Funnily enough the link to “drumble-dore” offers the option of being associated with “dromedary” or fig. “a heavy stupid fellow” (p. 1084, vol. iv). It is essential, though, that the number of examples provided by the OED is very small – a possible hint that this word is rare, indeed.
In James Orchard Halliwell’s Dictionary of Archaic and Provincial words from the 14th century (I used a 1973 reprint of the 1855 3rd edition by AMS Press, New York) the entry “Dumbledore” is very straightforward:
DUMBLEDORE. (1) A humble-bee. Devon.
(2) A beetle, or cockchafer. South.
(3) A stupid fellow. Somerset. (vol. i, p. 324)
So “Dumbledore” is a word present in several regional English dialects but with divergent meanings. With “drumble” the explanations are “(…) to be sluggish; to be confused in doing anything; to mumble. West. It occurs in Shakespeare.”
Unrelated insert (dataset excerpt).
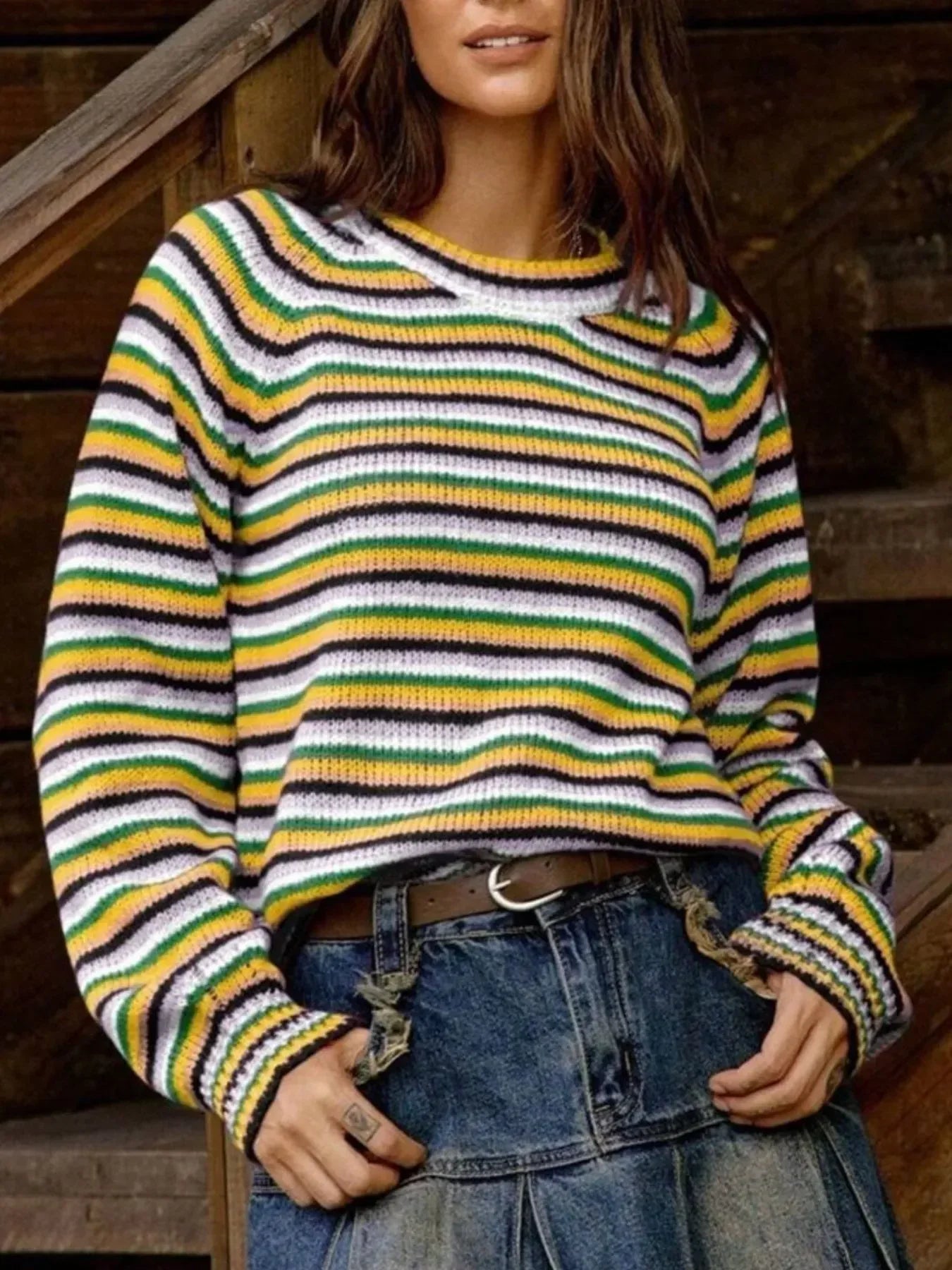 Rainbow Striped Pullover Sweater - DAVERRI FASHIONS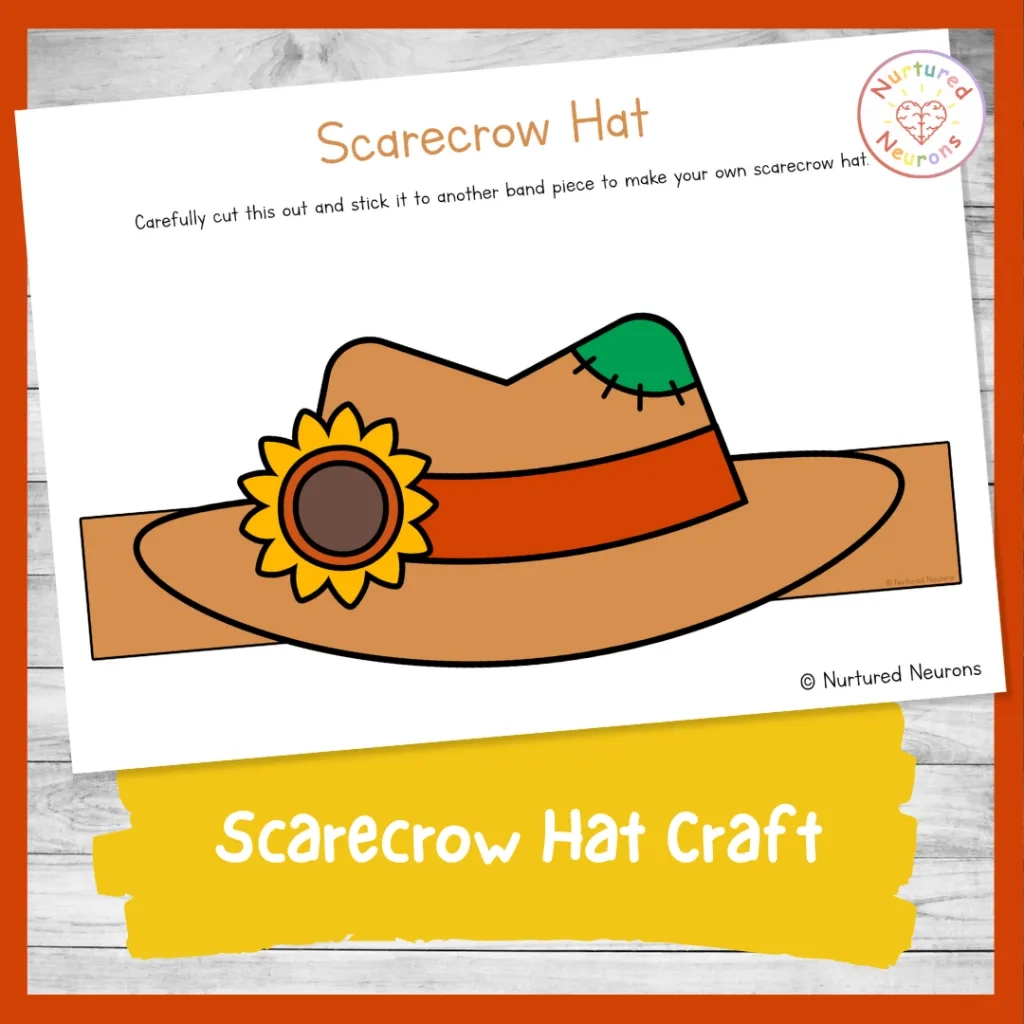 Simple Scarecrow Hat Craft Farm Dramatic Play Printable Paper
Websters’s New Twentieth Century Dictionary in its 2nd edition, Simon & Schuster, New York, 1979, reduces “dumbledore” to “1. a cockchafer [Brit. Dial] 2. the bumblebee” (p. 563) and with “drumble” the entry is mainly [Obsolete.] “Slow and inactive or sluggish” are the suggested meanings.
With Samuel Johnson’s A Dictionary of the English Language from 1755 (available in a reprint Olms Verlagsbuchhandlung, Hildesheim, 1968) there is no entry for “dumbledore”, only “drumble” is found:
TO DRUMBLE. v.n. To drone; to be sluggish. Take up these cloaths here quickly: where’s the cowlstaff? Look, how you drumble. Shakespeare’s Merry Wives of Windsor.
It was with Johnson’s dictionary that I came across a great set of articles of fellow Tolkienist Jason Fisher on his blog Lingwe – Musings of a Fish (a must-read for any Tolkien afficionado) dealing with Tolkien’s linguistic creativity and his remarkable ability in reviving ancient words in his writings (especially in the more obscure texts besides The Lord of the Rings, The Hobbit and The Silmarillion.) And there I found a link to Johnson’s dictionary being revamped for an anniversary in 2009 mentioning the bezoar used in one of Hogwart’s potions.
To find a word like “dumbledore” as the name of a powerful magician is quite a feat considering its rarity. It might be present in dictionaries on regional dialects or middle to modern English but if the OED only has a very small amount of quotations to show for it seems reasonable to assume that J.K. Rowling used such dictionaries in her search for fitting names. There is a small possibility that she may have heard the name of “dumbledore” for “bumble-bee” in her youth but this seems highly unlikely judging from her biography.
Or she might have read “Errantry” by J.R.R. Tolkien.
So there you are. One word in a poem by J.R.R. Tolkien and one article. Thanks to the Europäische Übersetzer-Kollegium for providing me with this opportunity to go berserk on a lot of different dictionaries.